## GOAL OF THE EXERCISE
Among the lines below, output only those between the line holding "PIGINA Intimate Probiotics" and the line holding "Livre d'invité mariage", inclusive, exactly as written and with no pictures.

## SOURCE DATA

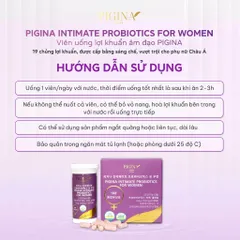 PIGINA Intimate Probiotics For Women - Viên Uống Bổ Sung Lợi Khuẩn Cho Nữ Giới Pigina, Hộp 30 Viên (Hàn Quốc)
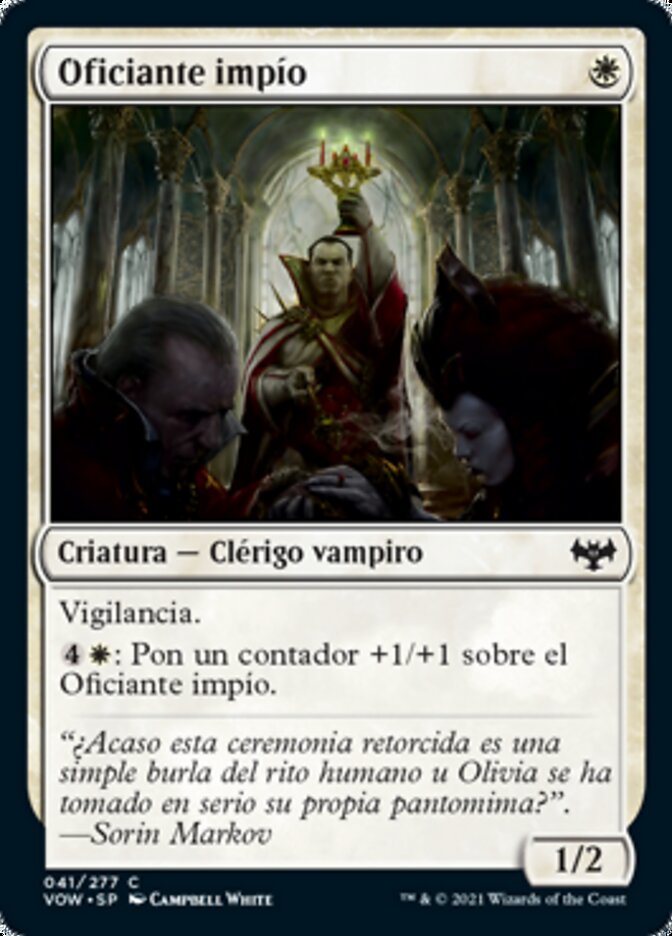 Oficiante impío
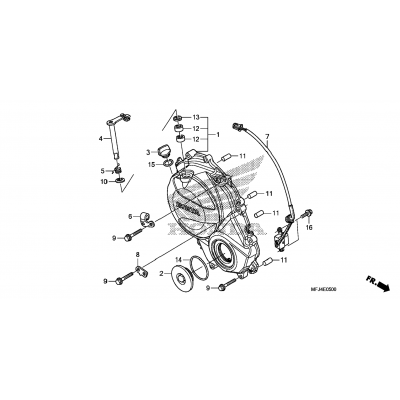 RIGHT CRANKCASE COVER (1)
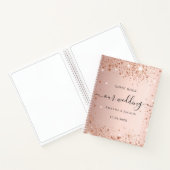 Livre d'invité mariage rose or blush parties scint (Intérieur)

* * *

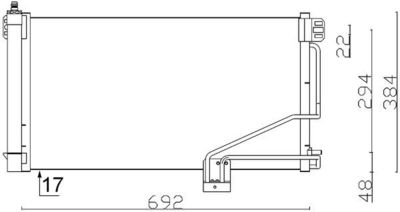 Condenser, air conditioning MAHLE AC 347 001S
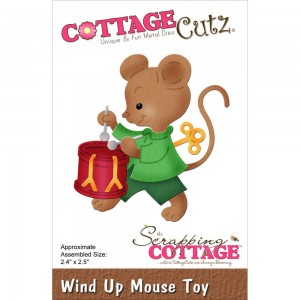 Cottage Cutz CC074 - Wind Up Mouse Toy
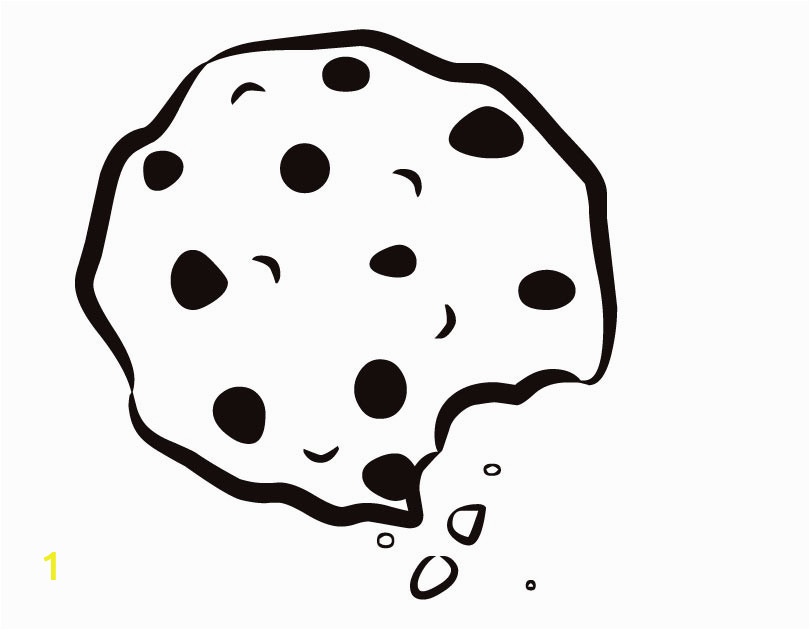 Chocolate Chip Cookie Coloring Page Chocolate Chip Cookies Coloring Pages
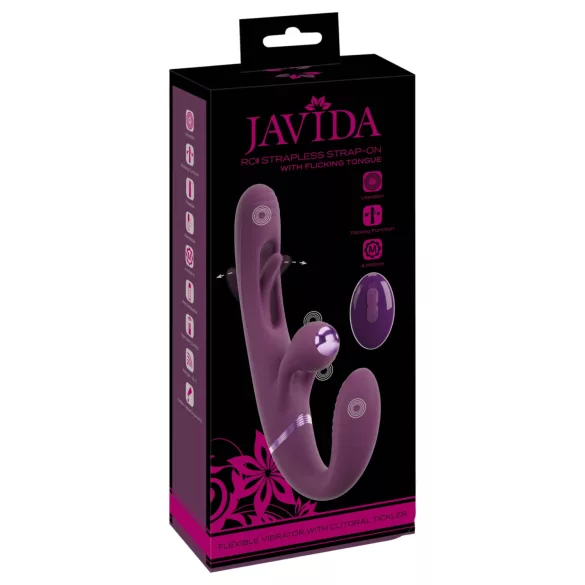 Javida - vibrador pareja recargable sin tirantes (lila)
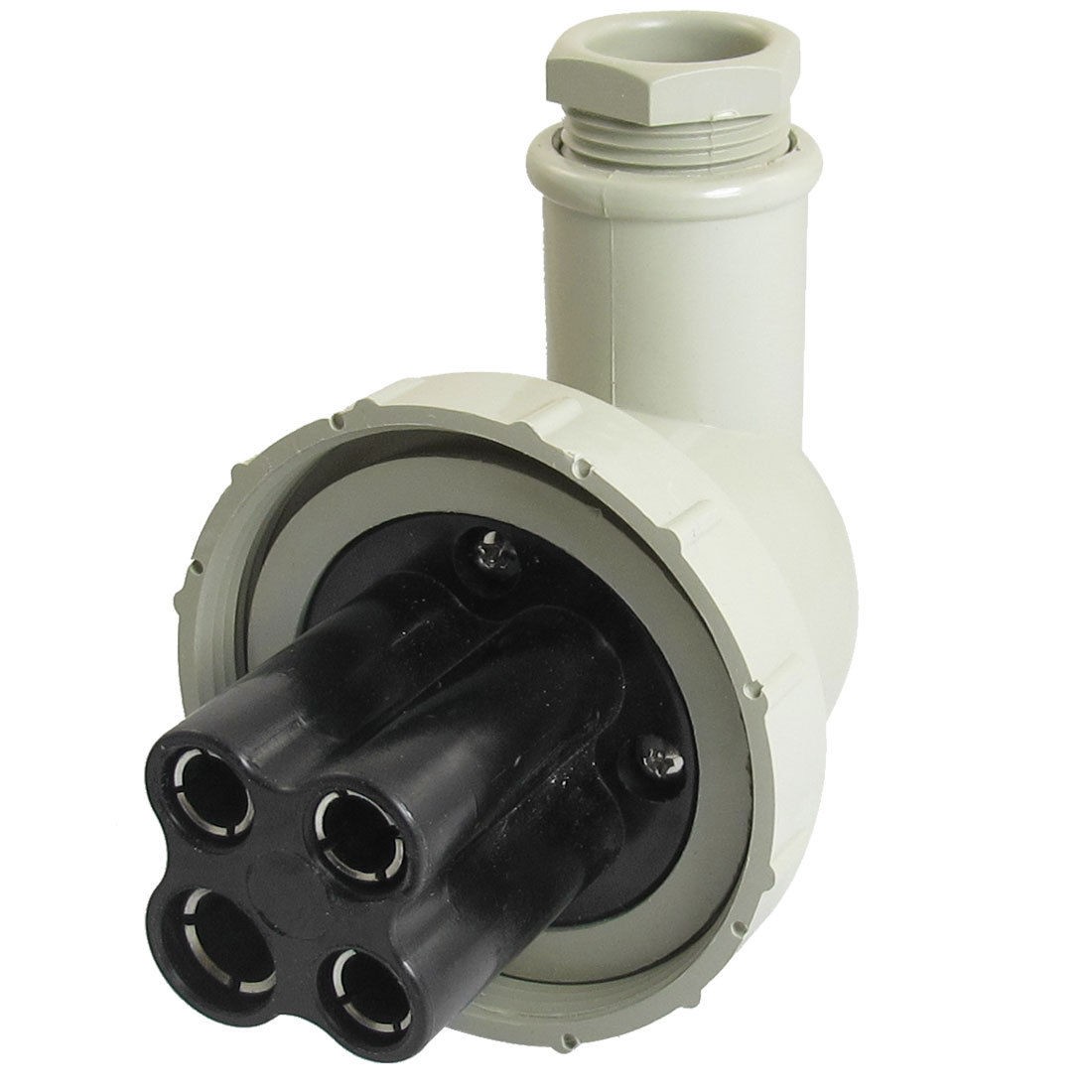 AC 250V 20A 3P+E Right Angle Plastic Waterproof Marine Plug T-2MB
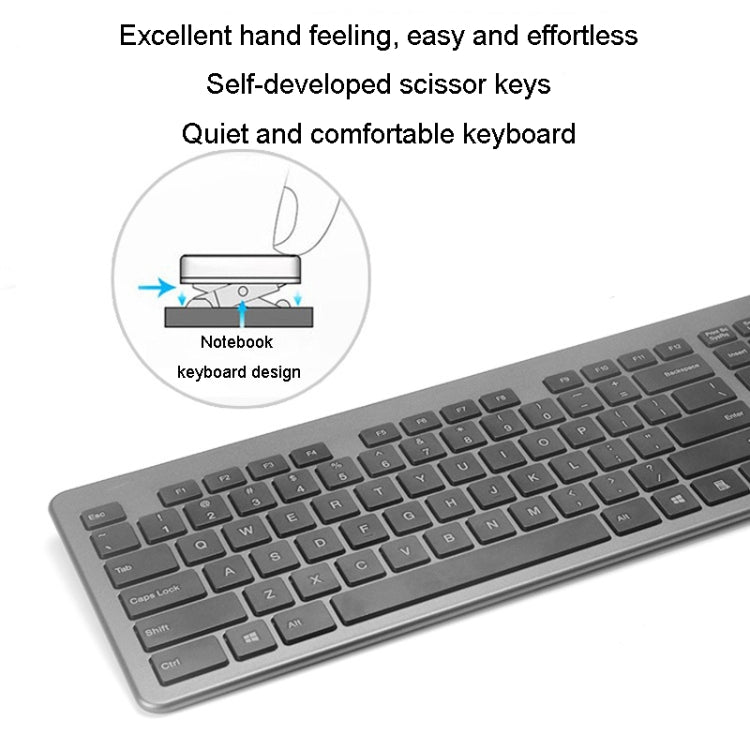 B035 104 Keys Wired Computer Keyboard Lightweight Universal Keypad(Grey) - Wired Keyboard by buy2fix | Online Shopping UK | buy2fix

## EXERCISE SOLUTION
 PIGINA Intimate Probiotics For Women - Viên Uống Bổ Sung Lợi Khuẩn Cho Nữ Giới Pigina, Hộp 30 Viên (Hàn Quốc)
 Oficiante impío
 RIGHT CRANKCASE COVER (1)
 Livre d'invité mariage rose or blush parties scint (Intérieur)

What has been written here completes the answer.